Autopolyploidization-Induced Chromatin Remodeling Regulates Leaf Size Variation in Brassica rapa.

Whole-genome duplication is a key evolutionary mechanism influencing gene regulation and trait development; however, how successive genome duplications reshape chromatin at the genome-wide scale and thereby drive phenotypic innovation remains unclear. To dissect the effects of genome doubling on chromatin dynamics, gene expression, and associated trait differences, monoploid, diploid, and autotetraploid Brassica rapa L. ssp. pekinensis lines are generated with an identical genomic background and performed integrative analyses using ATAC-seq, ChIP-seq (H3K4me3, H3K27ac, H3K27me3), and RNA-seq.
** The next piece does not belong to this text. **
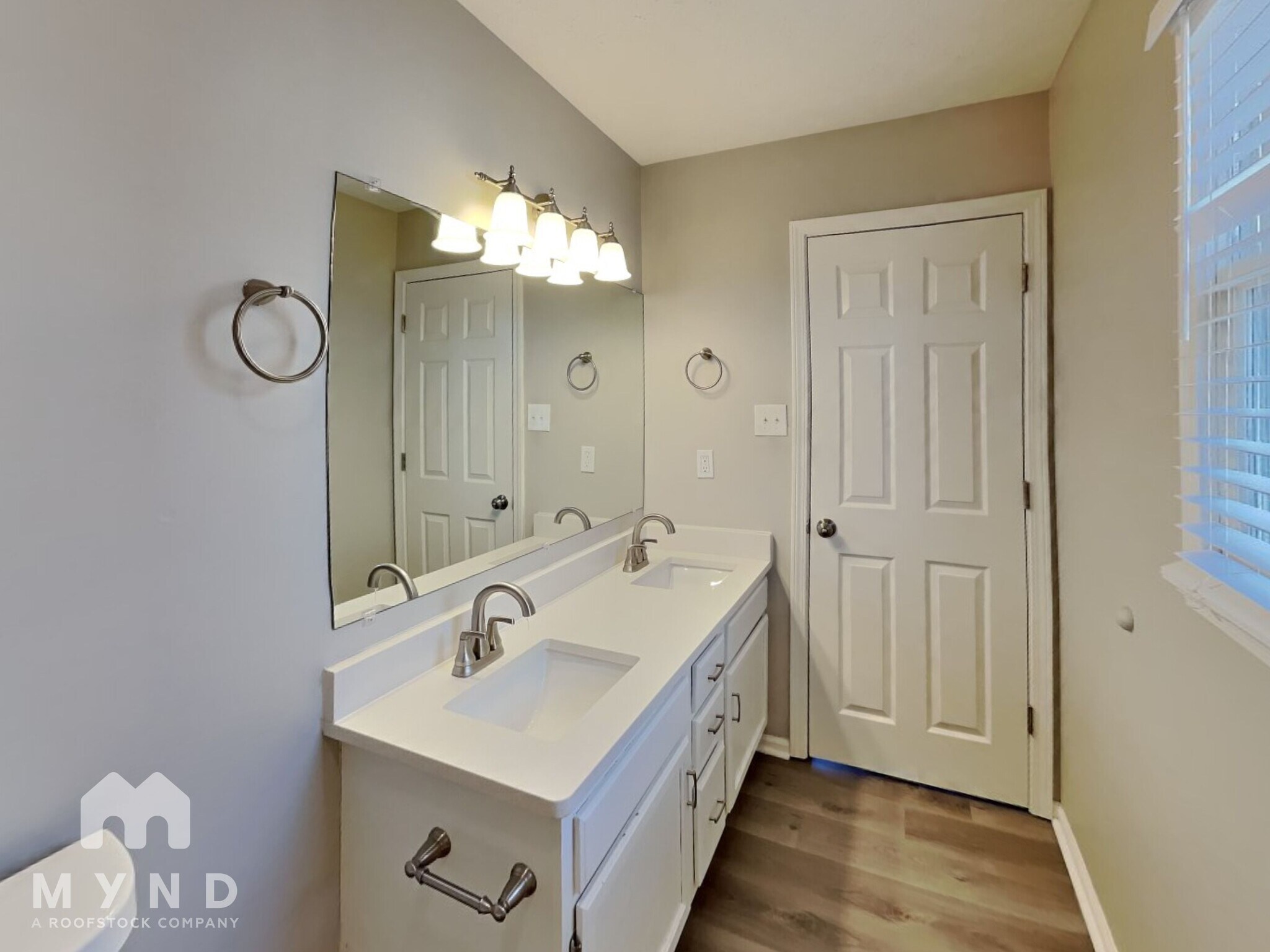 Building Photo - 6040 Buell Ln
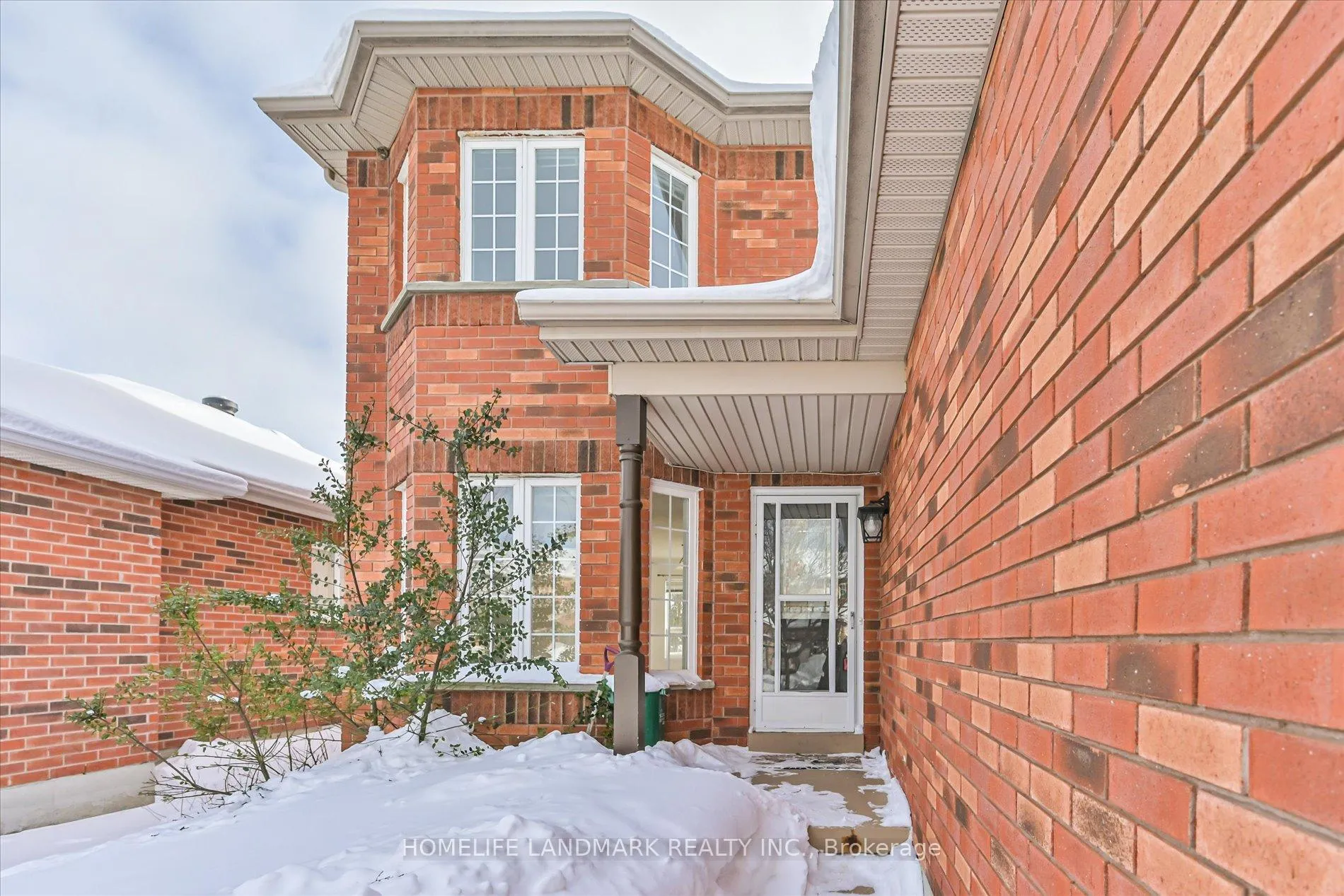 Photo 2 of 29 Drake Drive, Barrie, Painswick South — HOMEH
By establishing this uniform ploidy series, nonlinear and stage-specific chromatin and transcriptional reprogramming during autopolyploidization are revealed. Increased ploidy reprogrammed chromatin accessibility, characterized by reduced proximal and expanded distal regions, with effects particularly pronounced during the monoploid-to-diploid transition. Corresponding changes in H3K4me3 modifications near transcription start sites alter global gene expression. Numerous transcription factor genes are identified, of which BrGRF13 and BrARF11 are crucial regulators of leaf size and polarity during head development. Overall, this study elucidates the molecular basis by which ploidy variation drives chromatin remodeling and phenotypic divergence, providing new insights into how genome duplication shapes plant traits and informs polyploid crop improvement.